We recommend to store the above lines in a file, such as ``$HOME/warpx_gcc10.profile``, and load it into your shell after a login:
.. code-block:: bash
source $HOME/warpx_gcc10.profile
Then, ``cd`` into the directory ``$HOME/src/warpx`` and use the following commands to compile:
.. code-block:: bash
cd $HOME/src/warpx
rm -rf build
cmake -S . -B build -DWarpX_COMPUTE=OMP -DWarpX_OPENPMD=ON
cmake --build build -j 10
# or (currently better performance)
cmake -S . -B build -DWarpX_COMPUTE=NOACC -DWarpX_OPENPMD=ON
cmake --build build -j 10
The general :ref:`cmake compile-time options ` apply as usual.
.. _running-cpp-ookami:
Running
-------
For running on 48 cores of a single node:
.. code-block:: bash
srun -p short -N 1 -n 48 --pty bash
OMP_NUM_THREADS=1 mpiexec -n 48 --map-by ppr:12:numa:pe=1 --report-bindings ./warpx inputs
# alternatively, using 4 MPI ranks with each 12 threads on a single node:
OMP_NUM_THREADS=12 mpiexec -n 4 --map-by ppr:4:numa:pe=12 --report-bindings ./warpx inputs
The Ookami HPE Apollo 80 system has 174 A64FX compute nodes each with 32GB of high-bandwidth memory.
Additional Compilers
--------------------
This section is just a note for developers.
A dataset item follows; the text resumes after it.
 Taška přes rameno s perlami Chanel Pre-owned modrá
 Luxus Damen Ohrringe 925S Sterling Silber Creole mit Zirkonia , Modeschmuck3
We compiled with the Fujitsu Compiler (Clang) with the following build string:
.. code-block:: bash
cmake -S . -B build \
-DCMAKE_C_COMPILER=$(which mpifcc) \
-DCMAKE_C_COMPILER_ID="Clang" \
-DCMAKE_C_COMPILER_VERSION=12.0 \
-DCMAKE_C_STANDARD_COMPUTED_DEFAULT="11" \
-DCMAKE_CXX_COMPILER=$(which mpiFCC) \
-DCMAKE_CXX_COMPILER_ID="Clang" \
-DCMAKE_CXX_COMPILER_VERSION=12.0 \
-DCMAKE_CXX_STANDARD_COMPUTED_DEFAULT="14" \
-DCMAKE_CXX_FLAGS="-Nclang" \
-DAMReX_DIFFERENT_COMPILER=ON \
-DAMReX_MPI_THREAD_MULTIPLE=FALSE \
-DWarpX_COMPUTE=OMP
cmake --build build -j 10
An internal compiler error requires us to modify a range-based for loop to a conventional for loop for ``WarpX::setLoadBalanceEfficiency``.
We need to rewrite (at the moment three) loops that look roughly like this:
.. code-block:: cpp
for (int i : costs[lev]->IndexArray()) {
(*costs[lev])[i] = 0.0;
WarpX::setLoadBalanceEfficiency(lev, -1);
}
into
.. code-block:: cpp
const auto idx_arr = costs[lev]->IndexArray();
for (auto it = idx_arr.begin(); it < idx_arr.end(); ++it ) {
(*costs[lev])[*it] = 0.0;
WarpX::setLoadBalanceEfficiency(lev, -1);
}